Pada tahun 1.200 masehi, Timbuktu merupakan pusat peradaban Islam di Afrika Barat. Di sana, dahulu, pernah tersimpan puluhan ribu naskah, tulisan, atau pun transkrip berbagai ilmu pengetahuan. Bahkan, sampai sekarang kabarnya ribuan naskah kuno itu masih disimpan secara turun-temurun oleh penduduk setempat. Di masa kejayaannya, kota ini pernah memiliki sebuah pergurun tinggi dan madrasah ternama bernama Sankore.
Bahkan, kota ini pun pernah mnejadi pusat perdagangan yang ramai, hingga sebuah kebakaran hebat memusnahkan seluruh sisa-sisa peradaban yang ada di kota tersebut. Abad ke 15 dan 16 disebut-sebut sebagai masa keemasan Timbuktu. Musafir dari segala penjuru akan menyempatkan diri untuk singgah di kota ini, demi mendapatkan informasi-infiormasi dan pengetahuan baru dari kota tersebut.

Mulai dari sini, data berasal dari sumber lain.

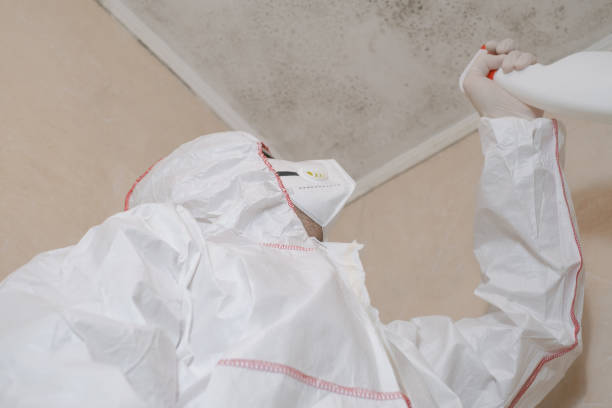 Best Home Mold Removal  in Ramsey, NJ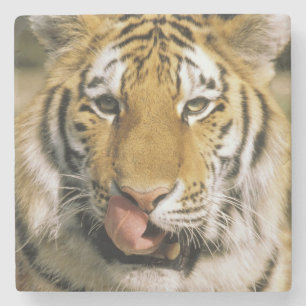 Tiger Michigan Zoo Stenunderlägg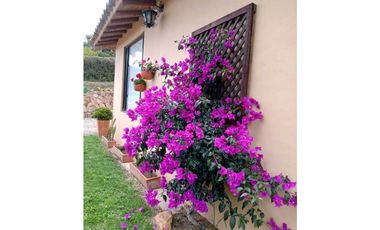 ALQUILO CABAÑAS SECTOR TORDOYA - VILLA DE LEYVA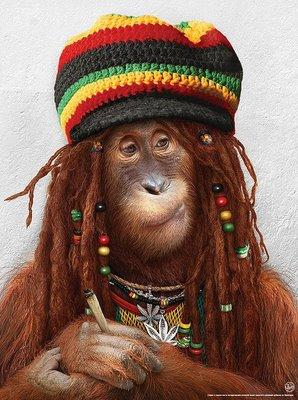 (R O R) Rasta O Rap?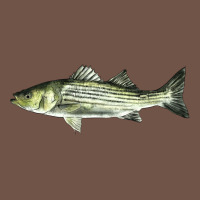 Striped Bass Premium Sweatshirt | Teevron
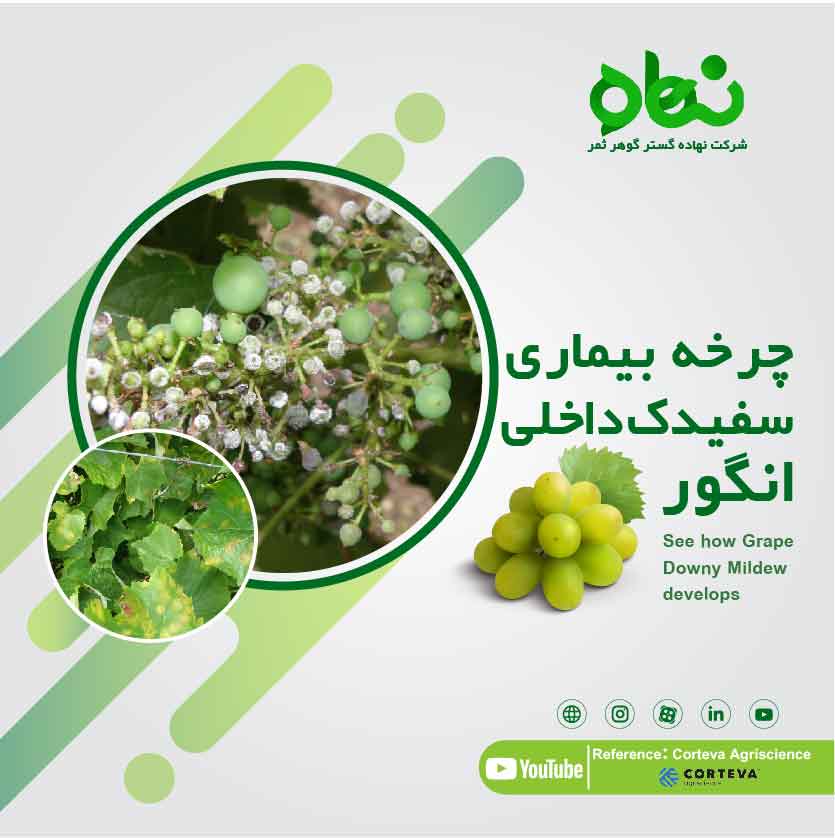 چرخه بیماری  سفیدک داخلی انگور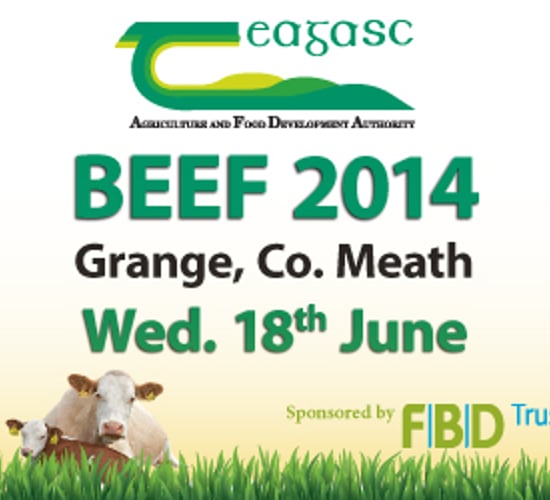 Up to 5,000 expected to attend Beef 2014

Nama Timbuktu menyebar ke penjuru dunia melalui kisah perjalanan yang ditulis Hasan ibn Muhammed al-Wazzan al-Fasi alias Leo Africanus atau Joannes Leo Africanus. Ibnu Battuta juga pernah menyebut kota itu dalam catatan perjalanannya. Universitas Sankore yang saat ini masih berdiri di sana, dibangun pada tahun 1581 di atas kota kuno yang telah berdiri sejak abad 13-14. Kala itu, perguruan tinggi ini menjadi pusat pendidikan Islam, dengan kajian utama Al Quran, astronomi, logika, serta sejarah. Salah satu tokoh cendekia ternama yang hidup masa itu adalah Ahmad Baba.
Dari puluhan ribu naskah kuno peninggalan masa keemasan Timbuktu, yang terkenal adalah naskah sejarah Tarikh Al-Fetash yang dibuat Mahmoud Kati dari abad 16 dan naskah sejarah Sudan, Tarikh As-Sudan, yang ditulis oleh Abdurrahman As-Sadi pada abad 17. Kejayaan kota ini mulai memudar setelah para penjelajah dan pencari budak dari Portugis serta beberapa negara Eropa lainnya mendarat di Afrika Barat. Mereka menciptakan sebuah jalur alternatif melalui gurun pasir.
Kemerosotan kota ini semakin cepat setelah diinvasi oleh tentara kaum Morisco, atau kaum Muslim Spanyol dan Portugis yang telah berpindah agama menjadi Katolik saat era penaklukan Spanyol. Mereka menginvasi Timbuktu untuk kepentingan kesultanan Marokko pada tahun 1591.